* Records for processing *
--- START ---
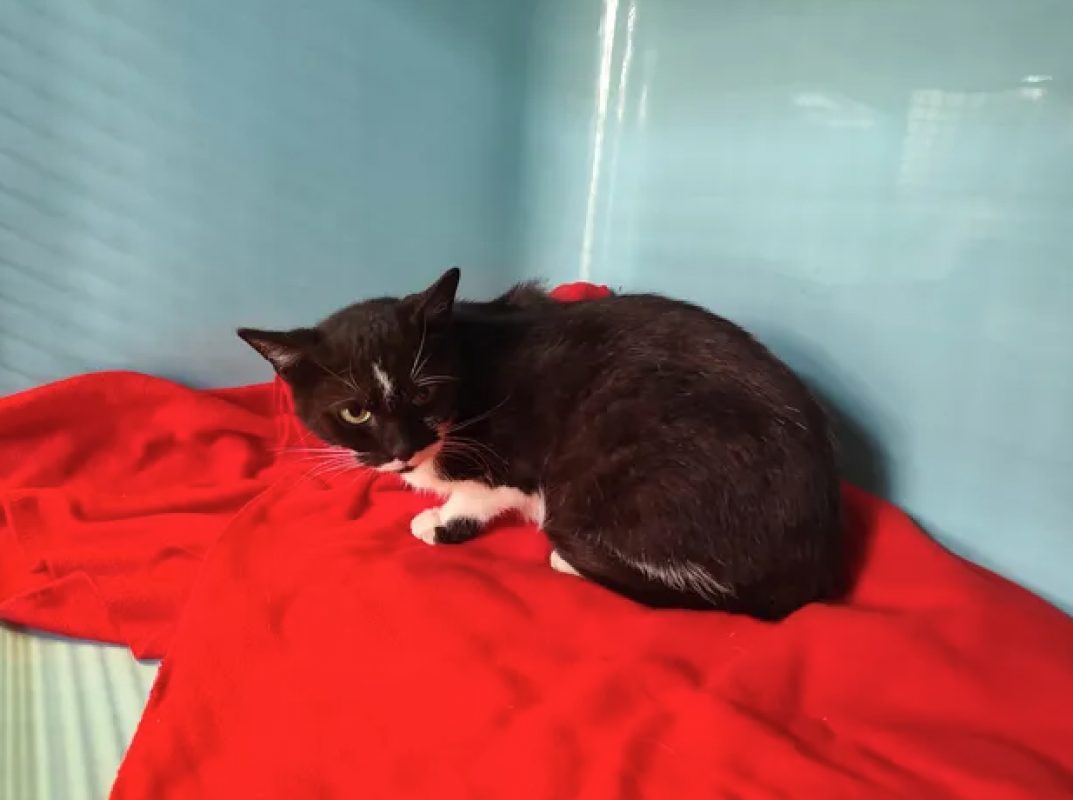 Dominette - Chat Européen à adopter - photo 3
--- END ---
--- START ---
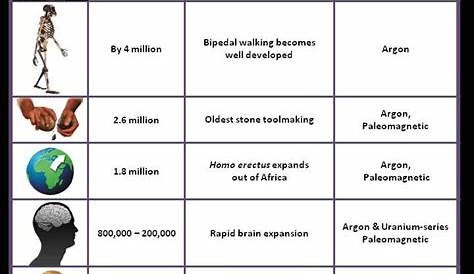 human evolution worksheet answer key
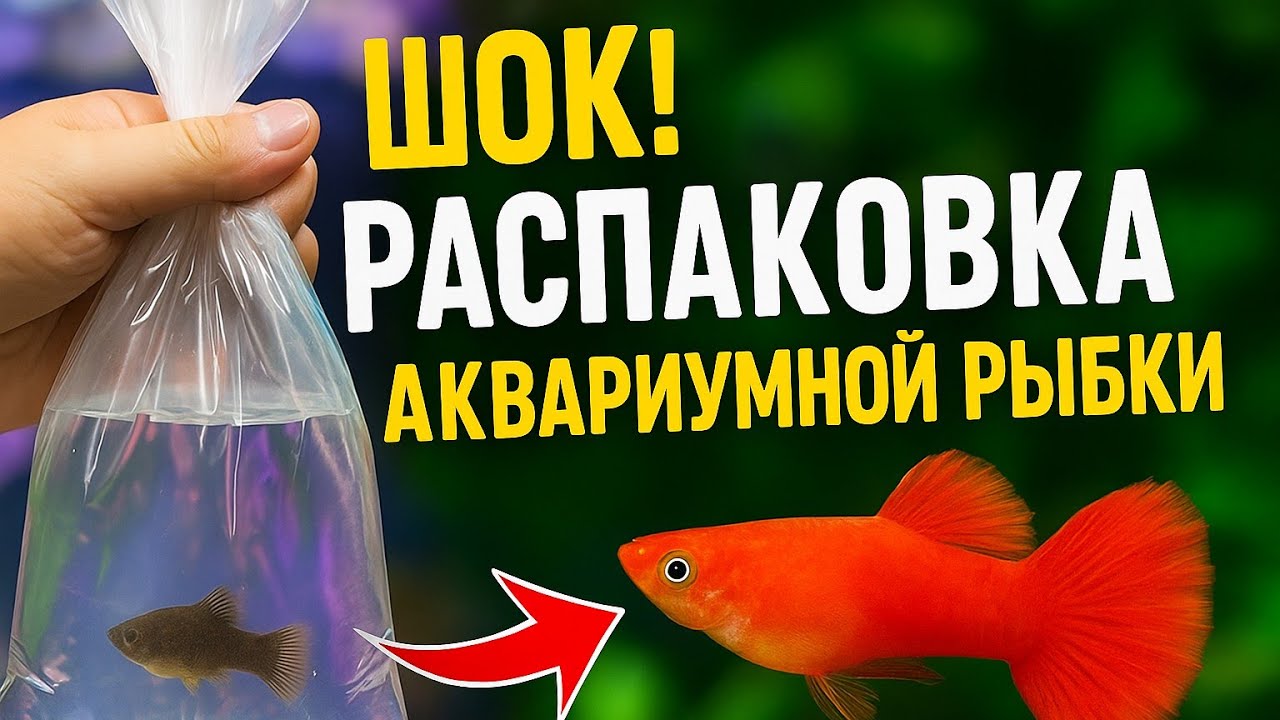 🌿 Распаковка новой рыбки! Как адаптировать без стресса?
--- END ---
* Instructions to follow *
Above are some records; extract exactly the lines from the one containing "human evolution worksheet answer key" through the one containing "адаптировать без стресса?" and drop the pictures.

* Response below *
 human evolution worksheet answer key
 🌿 Распаковка новой рыбки! Как адаптировать без стресса?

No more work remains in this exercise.